Do everything slowly and allow your focus to widen. Let these experiences merge into a whole and complete way. When it is gone, slowly return to your breath and appreciate the combination of senses. Consider how you feel following this meditation. When ready, open your eyes.

Breath Meditation

This breath meditation is very basic meditation that simply gives you back control. Any meditation retreat will begin by teaching this basic technique. In stressful moments of traveling, this is very useful. For when things go wrong – when you feel frustrated, anxious or tense, this meditation gently guides you back to the present moment. It is a meditation for the worried mind. On the wrong train? Missed a flight? Lost? Scared? Focusing on the simplicity of the reality around you returns your sense of perspective. Now, you can deal with any potential problem calmly and mindfully. Here it is:

Wherever you are, try to be still and straight. Close your eyes or focus them on a single spot. Breathe naturally and do not change or control your breath, just move your attention to it. Notice the distinct sensation of breathing in and out, in and out. Let yourself fall into the rhythmic pattern.

You will realize how busy your mind is. That is ok, just try not to indulge your thoughts. View them as passing clouds in your head and resist the urge to reach out and grab them. Be sure to breathe through your abdomen rather than your chest. Feel your diaphragm expand as you breathe in and fill with air, then lower as you breathe out.

The aim is to hold one single and straightforward focus – the breath. Fully concentrate on it and ignore distractions around you. Do not force yourself or judge your wandering mind. Only recognize the disturbance – a sound, smell or sight – acknowledge it, and let it go.
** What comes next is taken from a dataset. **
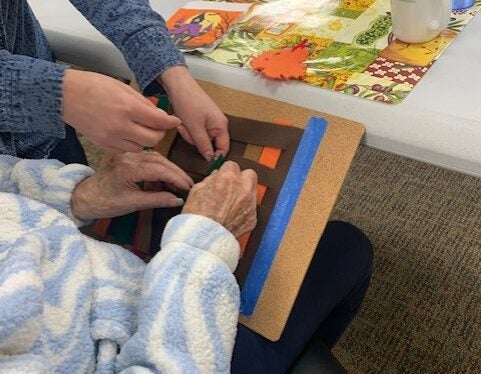 Two people work together on a craft project using colored felt on a board, with a puzzle and a cup on the table nearby.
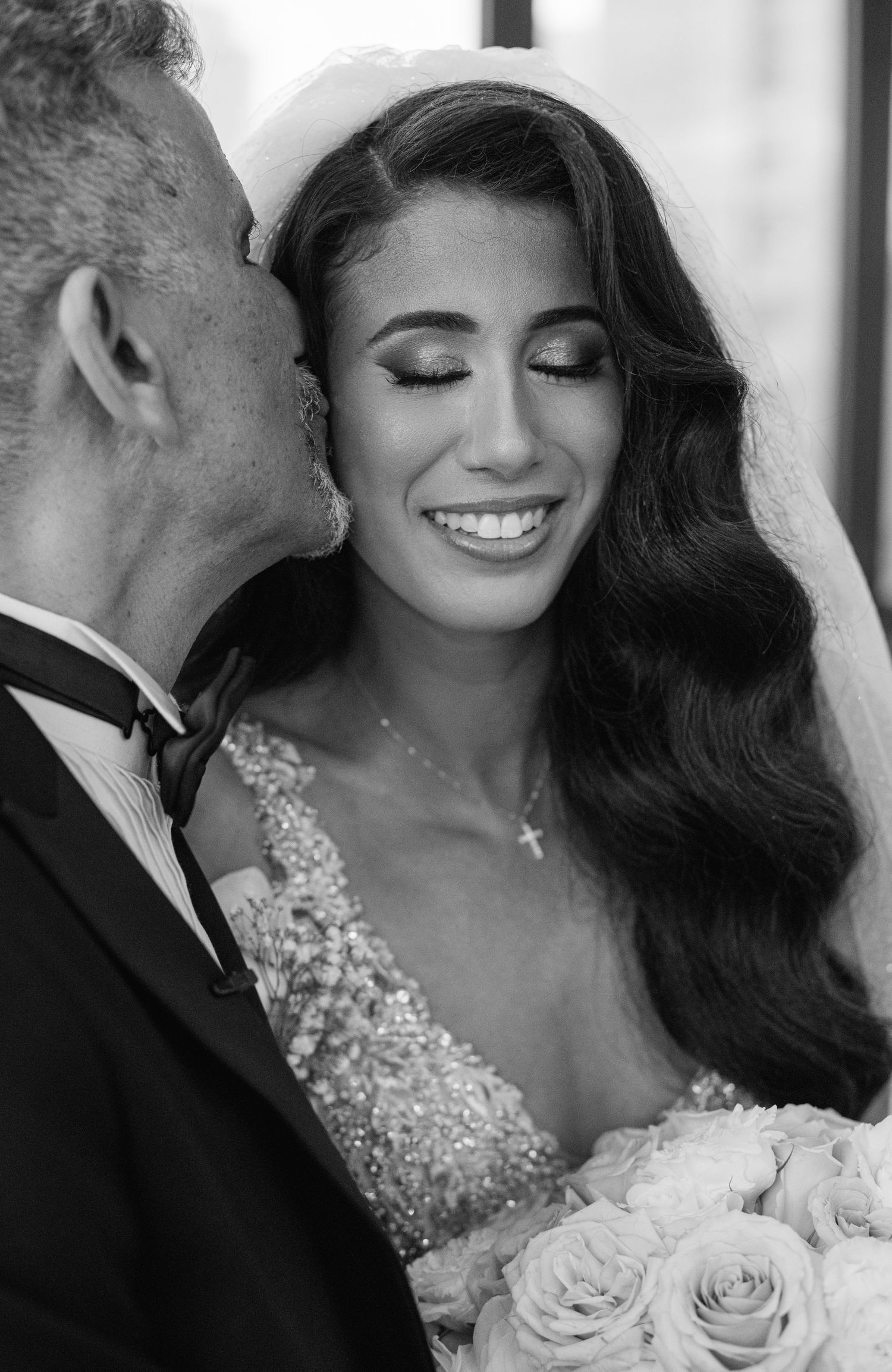 Intimate black and white portrait of newlyweds with roses.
When ready, open your eyes. Allow your calm and renewed perspective to provide control over the situation. You will find any stressful travel moment a lot easier to handle.

Why meditate?

It can be an incredibly productive thing to say: right now, I am here, doing this. The essential thing that meditation reinforces is the here and now. And once you get into the habit, you will realize how impressive your immediate experience is. Right now, I am walking through Rome. Right now, I am on a train to Berlin. Right now, I am watching the sunset off the coast of Croatia. This constant return to reality greatly enhances any travel experience. Whether done through a retreat or practiced independently, be sure to embrace the beneficial habit of meditation.

If you are looking for meditation retreats, you should check this website. They offer hundreds of holidays in different categories.


  1. I’m intrigued by the food mediation. I’ve never heard of this before, so it definitely sounds very interesting. And, I love food! Are these type of retreats good for beginners of meditation? I’ve tried meditation a few times but I’m still learning. Have you also heard of the 10 day silent meditation? I seem to come across that a fair bit on the internet, but I’m not sure whether that would be a bit too intense.

    • Hi Kelly, thanks for your interest. Yes, the meditation retreats are for beginners and advanced, our partner is very experienced and can also advise which retreat is perfect for beginners. Let me know if you need help. I never heard of the 10-day silent meditation, but I will have a look on this subject. Looks interesting. Thanks for sharing.